→ EXERCISE
Find the line with "Toevoerluchtkoeler past: IVECO" in the entries below, then reproduce it and every line after it down to and including the line with "Ruggero Cerizza amministratore", exactly.

*** RECORDED INFORMATION ***

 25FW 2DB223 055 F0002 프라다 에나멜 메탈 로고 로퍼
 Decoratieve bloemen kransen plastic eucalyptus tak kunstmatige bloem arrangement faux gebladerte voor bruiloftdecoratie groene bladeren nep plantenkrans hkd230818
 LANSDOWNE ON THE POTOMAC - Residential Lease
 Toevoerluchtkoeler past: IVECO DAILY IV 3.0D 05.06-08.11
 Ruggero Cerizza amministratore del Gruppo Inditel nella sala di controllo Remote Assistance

*** End of RECORDED INFORMATION ***
*** RECORDED INFORMATION ***

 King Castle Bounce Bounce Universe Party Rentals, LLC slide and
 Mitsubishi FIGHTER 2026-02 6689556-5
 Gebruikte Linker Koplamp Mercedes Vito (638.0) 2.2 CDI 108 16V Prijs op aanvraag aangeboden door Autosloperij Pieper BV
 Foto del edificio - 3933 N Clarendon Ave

*** End of RECORDED INFORMATION ***

→ EXERCISE ANSWER
 Toevoerluchtkoeler past: IVECO DAILY IV 3.0D 05.06-08.11
 Ruggero Cerizza amministratore del Gruppo Inditel nella sala di controllo Remote Assistance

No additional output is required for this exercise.